Tempers flared early as Brown laid out Phoenix defenseman Rostislav Klesla four-and-a-half minutes into the game, leading to a fight with Doan a few minutes later. Klesla ended up missing three weeks with an upper-body injury. Richards later fought Martin Hanzal, and Colin Fraser completed the fight-filled first period by scrapping with Torres. Radim Vrbata ended up scoring the game’s only goal with four minutes left in the second period. Vrbata had five goals against the Kings this season, the most against any team.

Feb. 21 at Jobing.com Arena -- Coyotes 5, Kings 4 (SO)

In perhaps the lowest stretch of the season for the Kings, they let a two-goal second-period lead slip away and lost for the third straight game.
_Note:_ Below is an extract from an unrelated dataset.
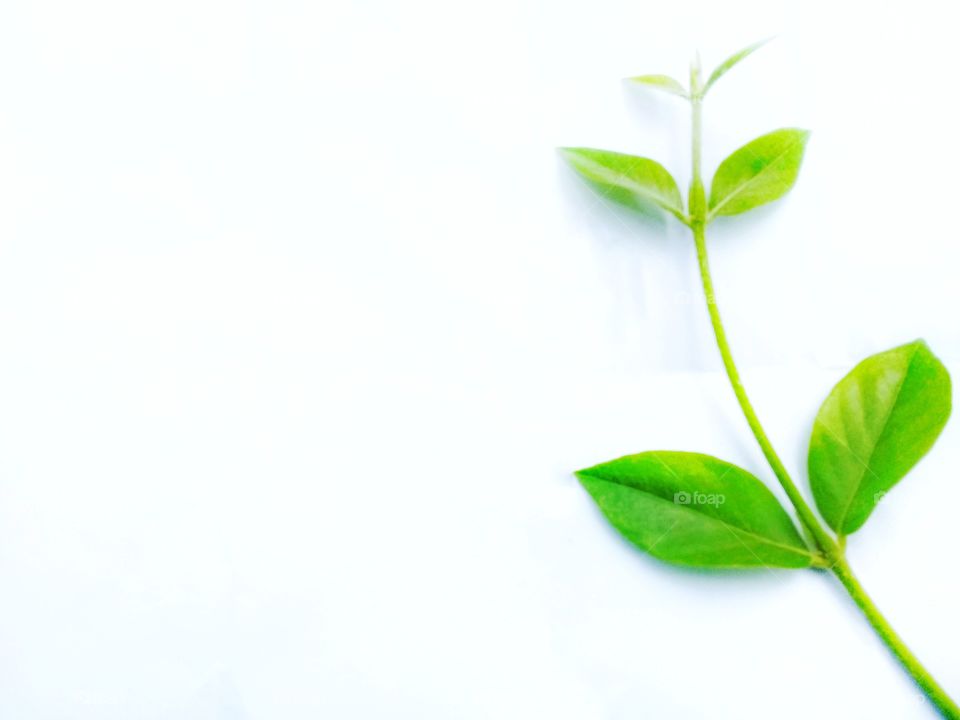 Leaf fresh with green color with white background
After getting shut out in the previous two losses, the Kings figured they were back on track after scoring three unanswered goals in the opening period. Even when the Coyotes cut the deficit to one, the Kings answered with a goal by Justin Williams with just over eight minutes left in the second period. But the Coyotes got one back on a goal by Doan, and Vrbata tied the score with two-and-a-half minutes left in regulation on his team's third power-play goal of the game, giving Phoenix a chance to win in the shootout.

Playoff fact: The Kings and Coyotes, formerly the Winnipeg Jets, have never met in the postseason.